Cela commence toujours par un mystère. Un hollandais qui s'infecte et meurt dans une grotte ougandaise, un dresseur de chevaux australien avec une défaillance d'organe inattendue, un beau morceau de chimpanzé et vingt gabonais morts, un porcher malais avec un mal de tête qui meurt subitement et douloureusement. Le mystère est suivi d'autres morts, de sonnettes d'alarme et de la chasse fébrile au tueur † Sur la maladie infectieuse, son porteur (le vecteur) et son hôte (l'hôte réservoir † Les tueurs portent des noms tels que Marburg, Hendra, Ebola et SRAS, mais ne sont pas faciles à repérer. Ils changent constamment de visage et de stratégie.

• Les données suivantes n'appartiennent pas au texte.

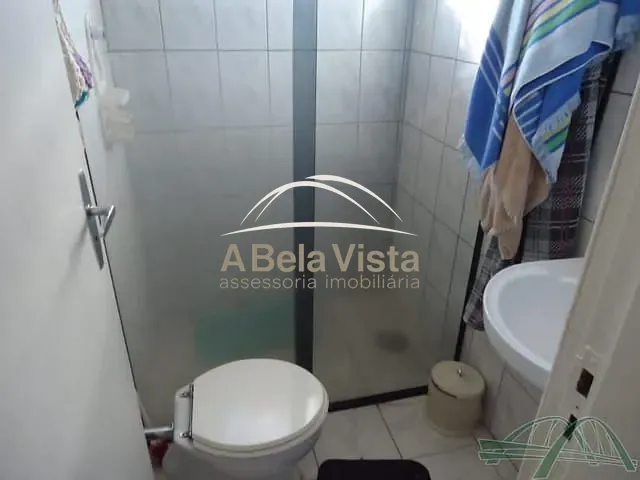 Sobrado 3 quartos e 2 banheiros, à venda, no bairro Vila Yolanda em Osasco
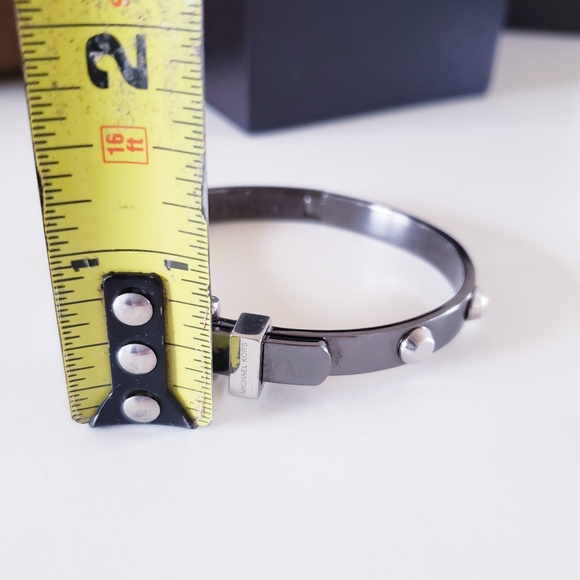 Michael Kors Astor Buckle Bangle - Gun Metal - Picture 11 of 13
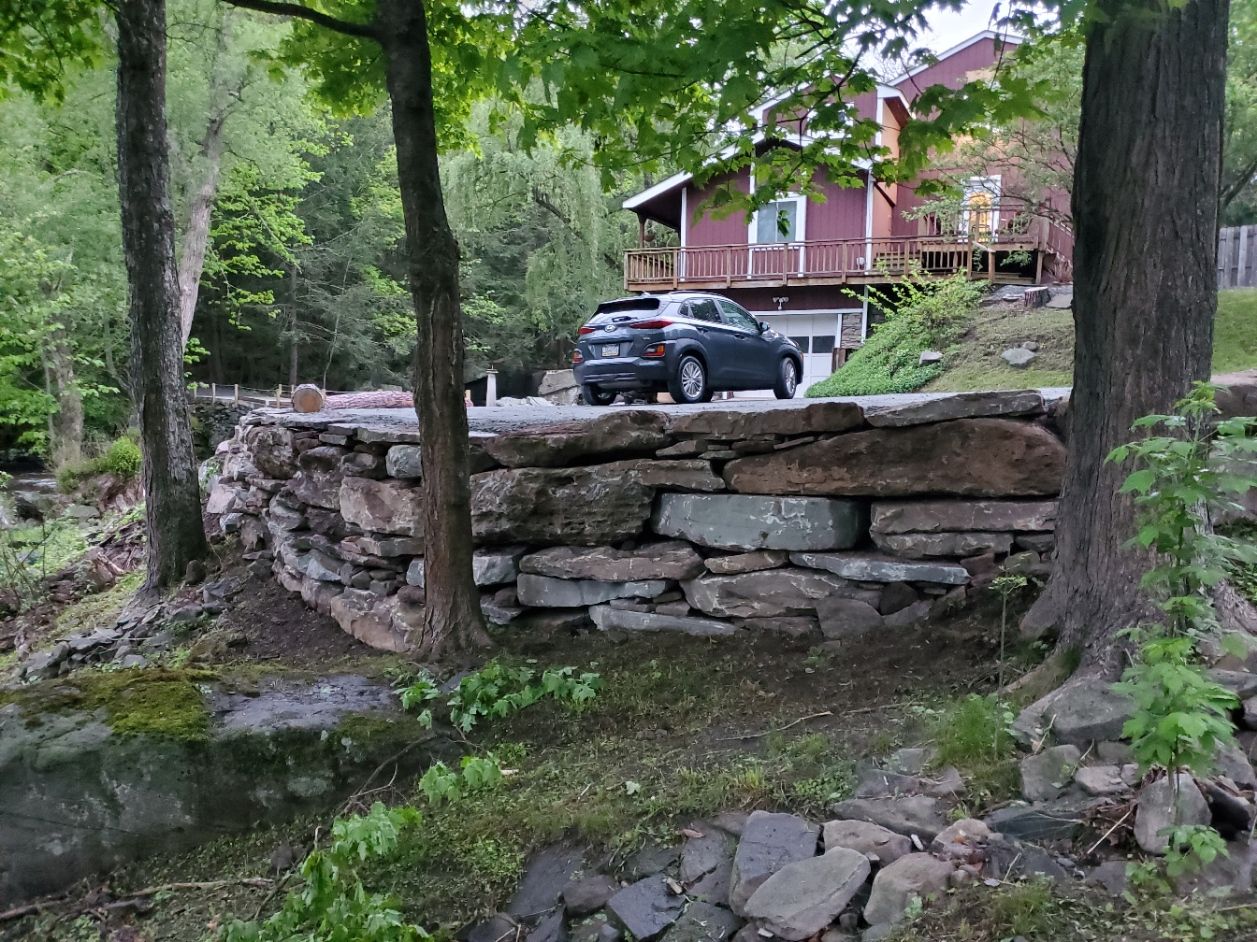  for R McK Excavating in Lake Ariel, PA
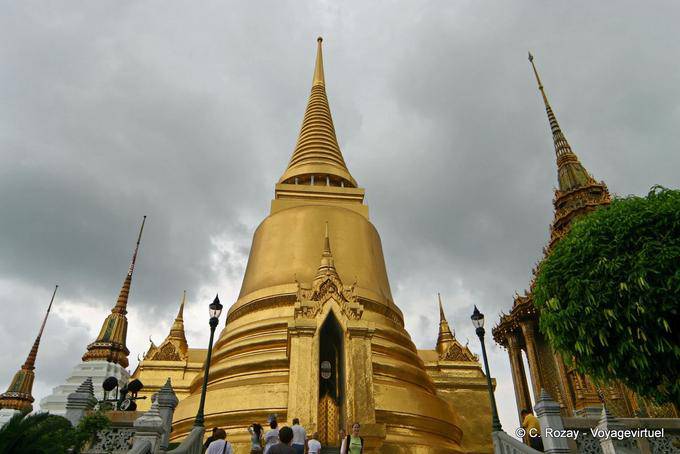 Phra Sri Rattana Chedi panorama, Sri Lanka estilo, Wat Phra Kaew, Banguecoque - Tailândia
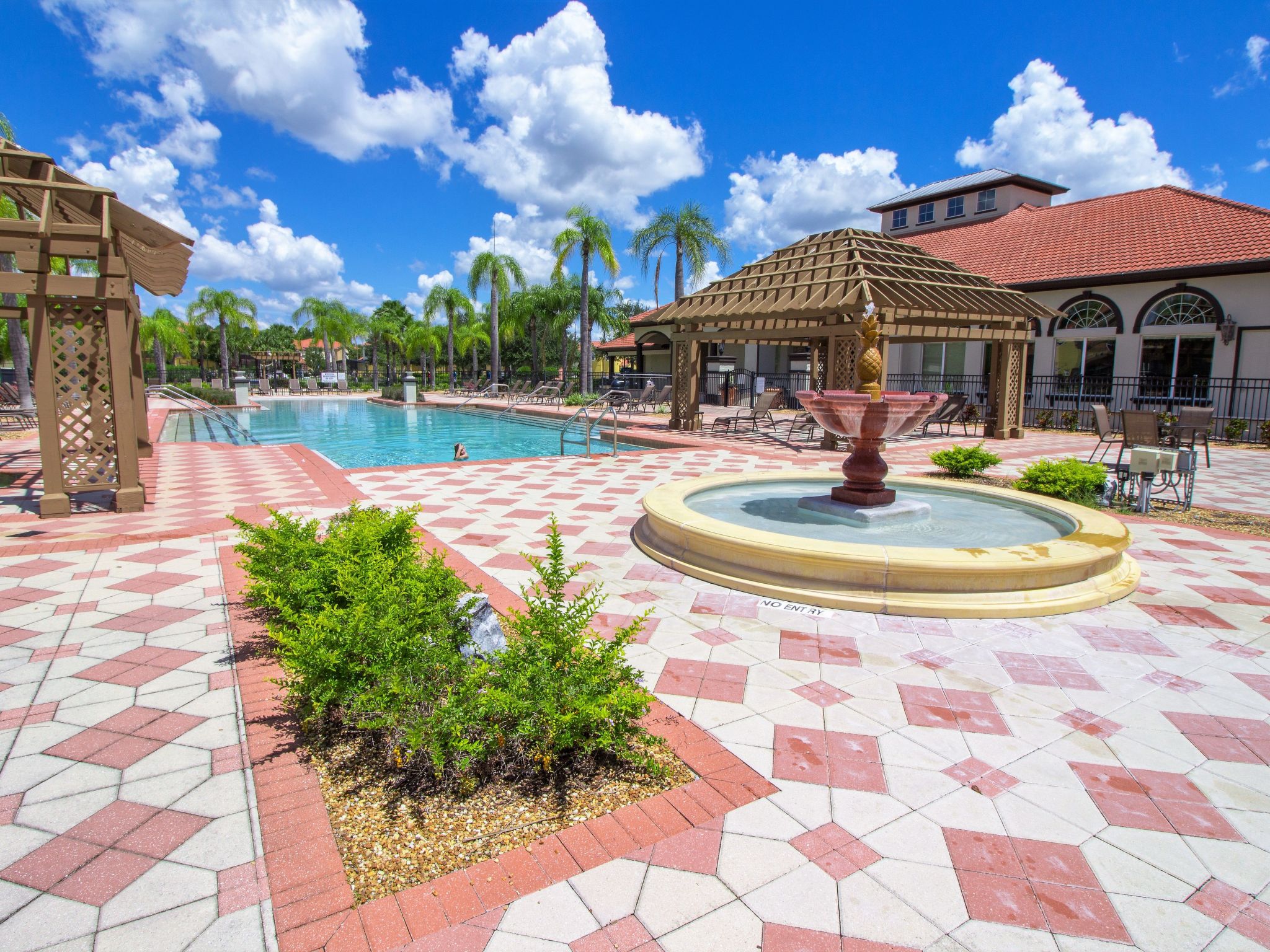 Photo of "Florida Breeze" mit Whirlpool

"J'ai travaillé sur ce livre pendant six ans", a déclaré David Quammen lors d'un entretien Skype depuis son bureau de Bozeman, dans le Montana. "J'ai eu l'idée quand j'étais assis autour d'un feu de camp au Gabon, à côté de la rivière Ivindo. Deux hommes m'ont dit que juste avant l'épidémie d'Ebola dans leur village, ils avaient vu 13 gorilles morts. C'est alors que j'ai pensé pour la première fois à un livre sur les zoonoses, la transmission des maladies infectieuses des animaux aux humains. Les bactéries, les protozoaires, les virus et les vers transférés se sont généralement adaptés pour survivre dans leur hôte sans causer beaucoup de dégâts. Mais chez l'homme, ils sont désastreux. Au final, il m'a fallu de nombreuses années, des voyages et des conversations avant d'avoir tout mon matériel."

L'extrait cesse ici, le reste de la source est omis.